Time = 10.06 (sec) , antiderivative size = 77, normalized size of antiderivative = 0.09 \[ \int \frac {d+e x^4}{\sqrt {a+c x^8}} \, dx=\frac {\sqrt {1+\frac {c x^8}{a}} \left (5 d x \operatorname {Hypergeometric2F1}\left (\frac {1}{8},\frac {1}{2},\frac {9}{8},-\frac {c x^8}{a}\right )+e x^5 \operatorname {Hypergeometric2F1}\left (\frac {1}{2},\frac {5}{8},\frac {13}{8},-\frac {c x^8}{a}\right )\right )}{5 \sqrt {a+c x^8}} \] Input:
Integrate[(d + e*x^4)/Sqrt[a + c*x^8],x]
Output:
(Sqrt[1 + (c*x^8)/a]*(5*d*x*Hypergeometric2F1[1/8, 1/2, 9/8, -((c*x^8)/a)] + e*x^5*Hypergeometric2F1[1/2, 5/8, 13/8, -((c*x^8)/a)]))/(5*Sqrt[a + c*x ^8])
Result contains higher order function than in optimal.
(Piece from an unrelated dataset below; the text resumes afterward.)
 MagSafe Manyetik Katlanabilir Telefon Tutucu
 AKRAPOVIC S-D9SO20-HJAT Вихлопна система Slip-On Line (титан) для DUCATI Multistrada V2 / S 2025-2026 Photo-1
Order 5 vs. order 4 in optimal.
Time = 0.49 (sec) , antiderivative size = 433, normalized size of antiderivative = 0.48, number of steps used = 2, number of rules used = 2, \(\frac {\text {number of rules}}{\text {integrand size}}\) = 0.105, Rules used = {1763, 2009}
Below are the steps used by Rubi to obtain the solution. The rule number used for the transformation is given above next to the arrow. The rules definitions used are listed below.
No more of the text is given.